King Cosponsors Bill to Expand Workforce Serving Aging Maine People

Bill would build and strengthen America’s caregiving workforce while empowering seniors and people with disabilities to live independently

BRUNSWICK, ME — U.S. Senator Angus King (I-Maine) announced that he has cosponsored the Care Corps Demonstration Act to build and strengthen America’s caregiving workforce and help meet the growing demand for caregivers working with seniors and people living with disabilities. The bill would address the country’s growing caregiving needs by placing volunteers in communities to provide vital assistance to help seniors and people with disabilities who need extra support to remain in their homes and live independently.

“As the oldest state in the nation, Maine is all too aware of the importance of our nation’s caregivers,” said Senator King. “From allowing our seniors to age in place to helping people with disabilities assert their independence, America’s caregivers are vital parts of our communities.

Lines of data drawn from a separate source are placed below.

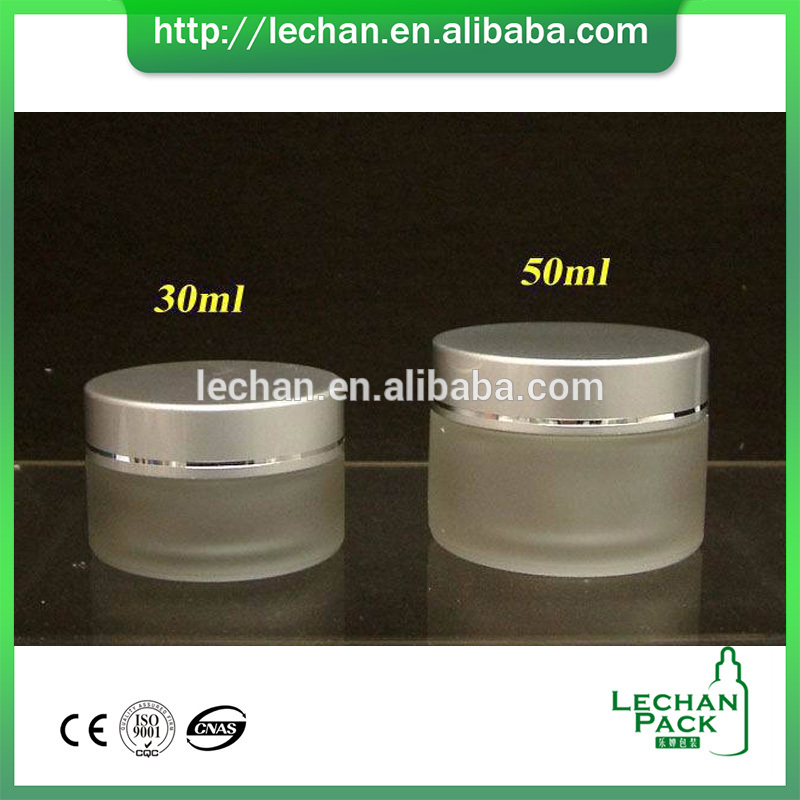Wholesale Empty 5ml 10ml 20ml 30ml 50ml 100ml Amber Cosmetic Skin Care Packaging And Container Cream Glass Jar With Lid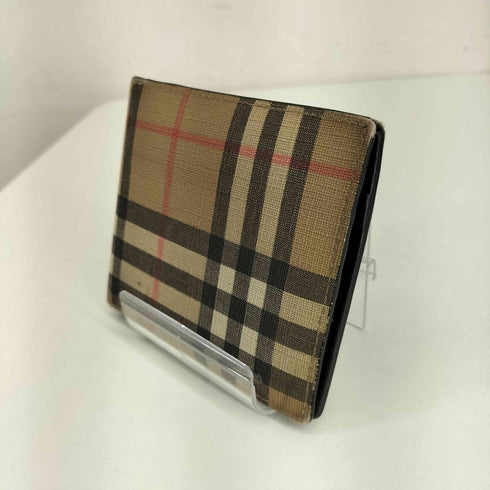 バーバリー BURBERRY ノバチェック 二つ折り財布 メンズ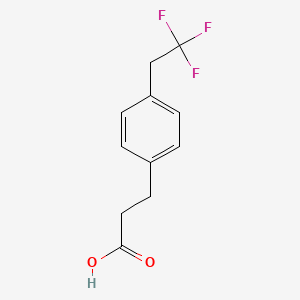 3-(4-(2,2,2-Trifluoroethyl)phenyl)propanoic acid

As our nation continues to grow grayer, we must to bolster this workforce – with qualified, caring people who will treat our most vulnerable citizens with the dignity they deserve.”

The Care Corps Demonstration Act would:

- Authorize grants for local Care Corps programs at $10 million per year over five years;

- Place Corps volunteers in communities where they will provide services that help seniors and individuals with disabilities remain independent;

- Provide volunteers with health insurance and other benefits during their time of service, along with an educational award that can be used to pay education costs or loans;

- Help build the caregiving and health care workforce needed to meet the demand for services; and

- Create opportunities to form intergenerational relationships.

The nation’s 65-and-older population is expected to almost double in size, from 49 million to 95 million Americans by 2060. By 2030, older Americans are expected to make up nearly 20 percent of the population and over the next ten years the United States is expected to require at least one million more direct care workers. Under this legislation, volunteers could help organize transportation and home repairs, deliver groceries, or provide internet assistance, and would receive health insurance and other benefits throughout the length of their service, along with a robust educational award that can be used to pay future education costs or loans and will encourage volunteers to pursue degrees, certificates, and trainings for health care professions, including caregiving and social services.

As the state with the oldest median age, seniors are a vital part of Maine’s population, and Senator King has made senior issues one of his top priorities. Last March he introduced the Senior and Disability Home Modification Assistance Initiative Act, parts of which were included in the Older Americans Act Reauthorization which was signed into law earlier this year. The legislation would make it easier for older Americans and individuals with disabilities to access federal home modification programs and remain in their homes. He also introduced the DELIVER Act, which would promote volunteerism within meal delivery programs and help provide meals to more seniors across America. Senator King is also a strong proponent of strengthening telehealth, and earlier this year announced his support for the CONNECT for Health Act. He was a cosponsor of the ECHO Act, which was enacted in 2016 and expands access to healthcare through telemedicine in rural and underserved areas.